(RECORDS SUPPLIED):
_ _ _

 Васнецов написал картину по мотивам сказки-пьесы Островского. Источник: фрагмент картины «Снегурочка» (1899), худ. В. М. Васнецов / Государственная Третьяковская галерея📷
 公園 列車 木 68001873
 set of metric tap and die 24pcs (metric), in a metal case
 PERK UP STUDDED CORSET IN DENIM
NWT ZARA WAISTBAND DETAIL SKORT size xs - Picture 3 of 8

_ _ _

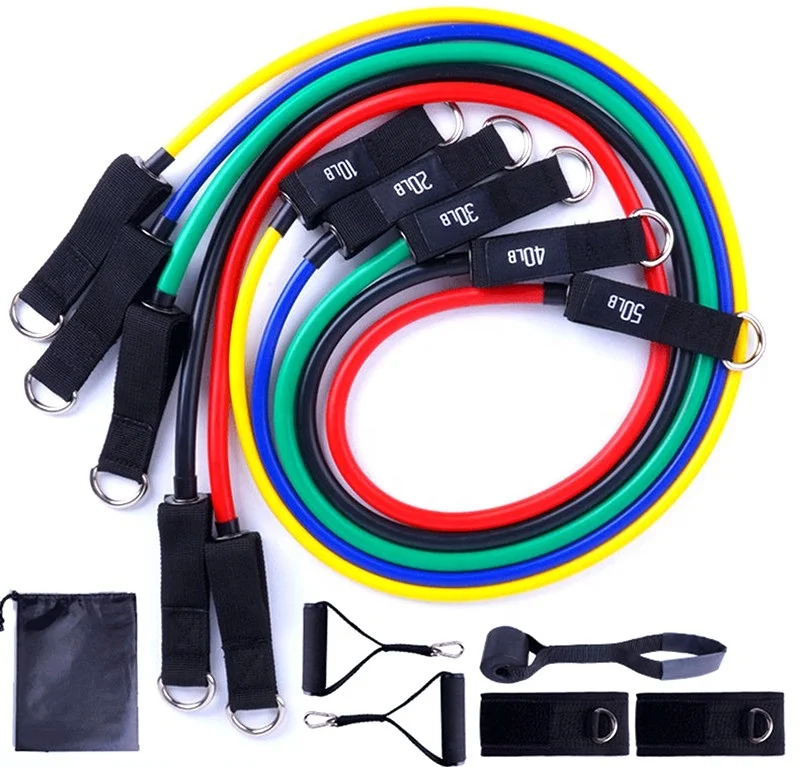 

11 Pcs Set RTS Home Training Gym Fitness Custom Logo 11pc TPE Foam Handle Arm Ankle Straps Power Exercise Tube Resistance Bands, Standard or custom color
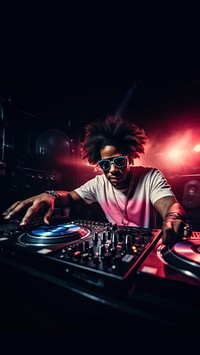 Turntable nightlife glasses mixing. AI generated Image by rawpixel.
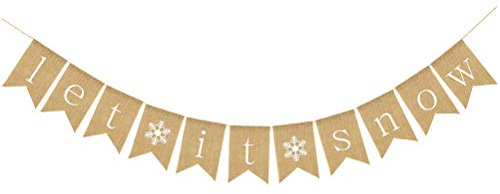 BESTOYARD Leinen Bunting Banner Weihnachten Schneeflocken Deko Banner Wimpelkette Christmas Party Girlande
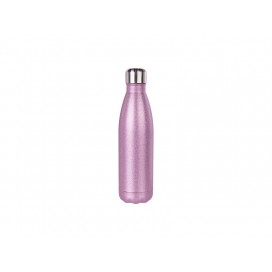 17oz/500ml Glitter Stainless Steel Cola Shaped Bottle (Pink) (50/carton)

_ _ _

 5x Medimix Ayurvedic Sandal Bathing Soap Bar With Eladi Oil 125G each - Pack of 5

_ _ _

(EXERCISE OBJECTIVE): Take the entries above and copy exactly the lines starting at the one with "11 Pcs Set RTS" and ending at the one with "BESTOYARD Leinen Bunting"; nothing outside that span, and no pictures.

(WRITTEN ANSWER):
11 Pcs Set RTS Home Training Gym Fitness Custom Logo 11pc TPE Foam Handle Arm Ankle Straps Power Exercise Tube Resistance Bands, Standard or custom color
 Turntable nightlife glasses mixing. AI generated Image by rawpixel.
 BESTOYARD Leinen Bunting Banner Weihnachten Schneeflocken Deko Banner Wimpelkette Christmas Party Girlande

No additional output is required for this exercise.